By Jürgen Obermann, CEO of GFT inboxx GmbH

The 5th September 2008 marked the deadline for European organisations to transpose two new directives – the Statutory Audit Directive and the Company Reporting Directive – into domestic law. Commonly referred to as EuroSOX, this latest initiative is the European Commission's eighth guideline for the protection of shareholders, brought in with the aim of ensuring the reliability of annual accounts and consolidated financial accounts of companies, in the wake of recent high profile corporate fraud cases, such as the Parmalat scandal.

Despite the publicity around the introduction of EuroSOX proclaiming the drastic requirements expected from IT, there is surprisingly little said in the EU guidelines as to the concrete IT requirements necessary for organisations to become compliant. Thus suggesting that the current hype regarding 'EuroSOX compliance in IT' has been somewhat exaggerated. After all, companies operating globally have already had to abide by the International Financial Reporting Standards (FRS) or the United States Generally Accepted Accounting Principles (US-GAAP) if they wish to adhere to international legal regulations.

The impact on IT
Aside from the obvious changes necessary in IT, EuroSOX will additionally lead to some indirect IT requirements. These ultimately derive from requirements that qualified auditors have to meet, though they are mainly general requirements regarding the quality of systems, processes and data management, as have already been prescribed for years - e.g. in accordance with Basel II.

In implementing EuroSOX, companies should not look on this as just another compliance regulation to be abided by, but rather as an advantageous tool which should be used to encourage greater business transparency.

Best practice approach to EuroSOX
As far as EuroSOX and other compliance rulings are concerned, IT departments should not interpret individual regulations and laws such as EuroSOX, Basel II etc., but should instead concentrate on a holistic approach. This is as proven in recent research commissioned by GFT inboxx which found that 94% of IT managers in Europe have insufficient knowledge of the legal requirements regarding archiving of e-mails.

IT departments must concentrate on their core tasks. They are not in a position to tackle the legal details of individual laws. This is a job for legally trained and specially qualified expert staff.
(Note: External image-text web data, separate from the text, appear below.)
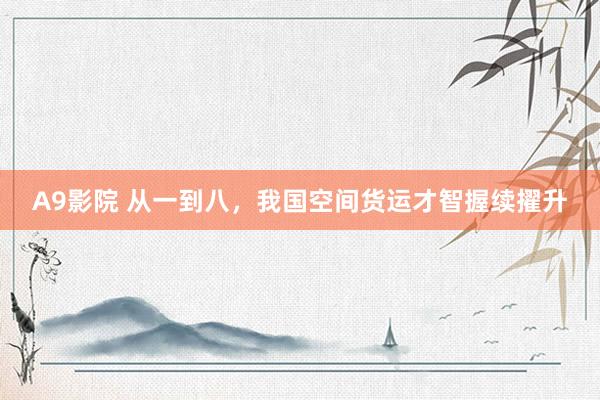 A9影院 从一到八，我国空间货运才智握续擢升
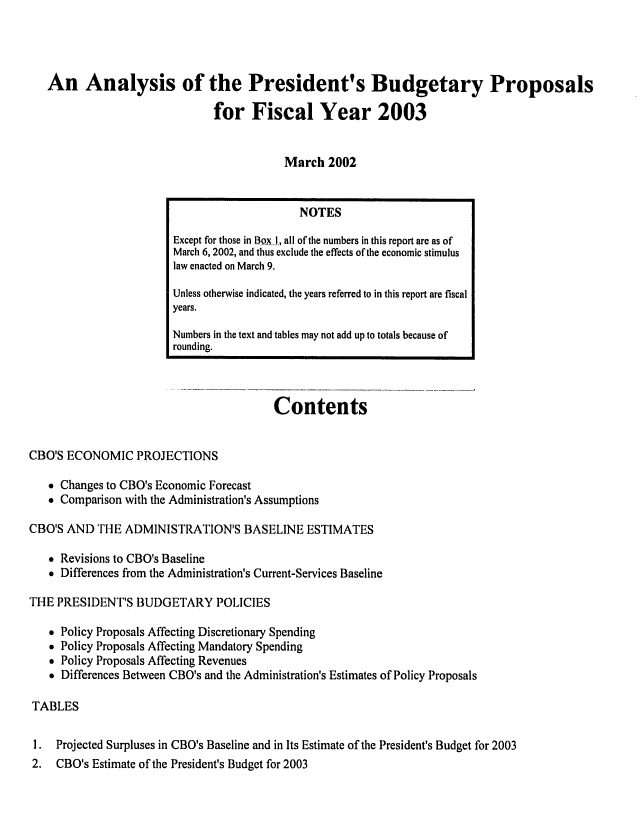 handle is hein.congrec/cbo07042 and id is 1 raw text is: 




An Analysis of the President's Budgetary Proposals

                            for Fiscal Year 2003


                                       March 2002


                                         Contents


CBO'S ECONOMIC PROJECTIONS
    Changes to CBO's Economic Forecast
    Comparison with the Administration's Assumptions

CBO'S AND THE ADMINISTRATION'S BASELINE ESTIMATES

    Revisions to CBO's Baseline
    Differences from the Administration's Current-Services Baseline

THE PRESIDENT'S BUDGETARY POLICIES

    Policy Proposals Affecting Discretionary Spending
   * Policy Proposals Affecting Mandatory Spending
    Policy Proposals Affecting Revenues
    Differences Between CBO's and the Administration's Estimates of Policy Proposals

 TABLES

 1. Projected Surpluses in CBO's Baseline and in Its Estimate of the President's Budget for 2003
 2. CBO's Estimate of the President's Budget for 2003


                     NOTES

Except for those in Box I., all of the numbers in this report are as of
March 6, 2002, and thus exclude the effects of the economic stimulus
law enacted on March 9.

Unless otherwise indicated, the years referred to in this report are fiscal
years.

Numbers in the text and tables may not add up to totals because of
rounding.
By concentrating on the combined, generic requirements of all compliance guidelines, IT departments can tackle the issues at a higher level.
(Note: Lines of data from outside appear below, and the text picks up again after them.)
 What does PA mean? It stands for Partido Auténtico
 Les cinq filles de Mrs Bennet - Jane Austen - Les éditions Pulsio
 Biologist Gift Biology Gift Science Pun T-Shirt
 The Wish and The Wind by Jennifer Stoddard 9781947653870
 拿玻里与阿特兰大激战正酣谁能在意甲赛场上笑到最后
The requirements that should be met by an IT department can be roughly divided into three basic tasks, however these are not mutually exclusive:

1.Generic best practice data management and data handling – making sure that a consistent approach is taken across the board.

Long-term safeguarding and processing of all information. Preparation for possible disturbances (disaster recovery), secure long‑term archiving of all information and ensuring access at all times within the parameters of storage times are of the utmost importance in this context.

Transparency, which is above all facilitated by creation of powerful search functions and analytical methods regarding all information in the company.

The first task is very much open to interpretation and is broad in nature. In the event of any doubt, any weak points coming to light as a result of audits and inspections can be resolved in this context. Items two and three, however, are clear and not open to interpretation. An email document either exists or it doesn't. Either powerful overall search is possible or impossible. Inspections will thus concentrate on these points. Thus in the short term there is a need for action from the IT department in this respect.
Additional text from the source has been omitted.